In Italy, Posthumus arrives with his guide book, looking lost and is immediately set upon by Iachimo (now a pimp of a brothel) and his prostitutes (all of the other characters in Italy turned into a chorus). The bet is made – 2 Ferraris and money against Imogen’s purity. Iachimo makes his way for England (boat, segulls and fish) and meets Pisanio who falls instantly in love with him and is a bit miffed that he doesn’t notice her. His emergence from the trunk and into the discovery of Imogen’s room becomes a dance (his speech is cut) as he gently moves around her on top of her extra as he gets the watch off her and instead of the mole on her breast, he finds a tattoo to use as
Hark hark the lark was hilarious, an excellent band accompanying a tone deaf Cloten, dancing about in his boxer shorts and telling the band that they were crap when it doesn’t work out. Cloten also wonderfully sleazy, rubbing himself up against any garment of Imogen’s.

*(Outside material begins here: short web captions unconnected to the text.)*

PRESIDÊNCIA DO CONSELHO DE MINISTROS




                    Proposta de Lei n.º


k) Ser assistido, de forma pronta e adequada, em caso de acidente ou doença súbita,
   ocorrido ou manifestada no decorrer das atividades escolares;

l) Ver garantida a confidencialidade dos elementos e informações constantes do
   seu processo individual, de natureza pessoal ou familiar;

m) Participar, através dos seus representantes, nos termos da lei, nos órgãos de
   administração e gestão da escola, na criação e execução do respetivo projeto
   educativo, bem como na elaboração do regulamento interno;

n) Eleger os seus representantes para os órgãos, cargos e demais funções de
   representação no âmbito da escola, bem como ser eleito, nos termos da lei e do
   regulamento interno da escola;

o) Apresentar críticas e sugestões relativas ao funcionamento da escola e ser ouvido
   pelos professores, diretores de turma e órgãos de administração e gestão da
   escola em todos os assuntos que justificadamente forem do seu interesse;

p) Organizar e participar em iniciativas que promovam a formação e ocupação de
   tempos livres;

In England, Caius Lucius is cut from the play and replaced with two security people in black bearing the portrait (on wheels) of a benevolent Caesar. One of the guards plays a answering machine tape and from it we hear the voice of Caesar. When the tribute is denied the portrait is flipped around to reveal angry Caesar and a new tape is played.
Imogen flies to Milford Haven and instead of Fidele she makes an exchange of clothing with a homeless man (who is delighted with the new dresses he has aquired) and becomes Ian, finds the makeshift shelter of Belarius and goes to sleep. It’s about from here that I got a touch confused (and I confess that five plays have passed since I saw this so my memory is a touch dim) as to why Imogen takes the poison, who finds her after she wakes and, well, all of the battle. I know that everyone went to battle but as to who was on what side, I have no idea – Posthumus doesn’t have his one on one battle with Iachimo and rather than being captured dreams (or maybe passes out) on the battle field to have the vision of his parents (dressed in vaguely WWII regalia) who appeal to Jupiter (doubled by the actor playing Iachimo and also in war regalia which I think made him a different character but I’m not so sure). And then suddenly reveals at the end and they just kind of happen again I wasn’t sure if it was meant to be on the battlefield on in the Court … but it did end with every lightbulb on the sign lit to spell out (triumphantly) Cymbeline.
It was a very good production. Not as good, or clever, or exciting or heartbreaking as Tristan and Yseult (where the device of the unloved worked brilliantly), but charming none the less. Maybe in this case, knowing the actual play made things confusing for the spectator and had I not known the plot (as the many teenagers at this matinee didn’t) I may have enjoyed it more.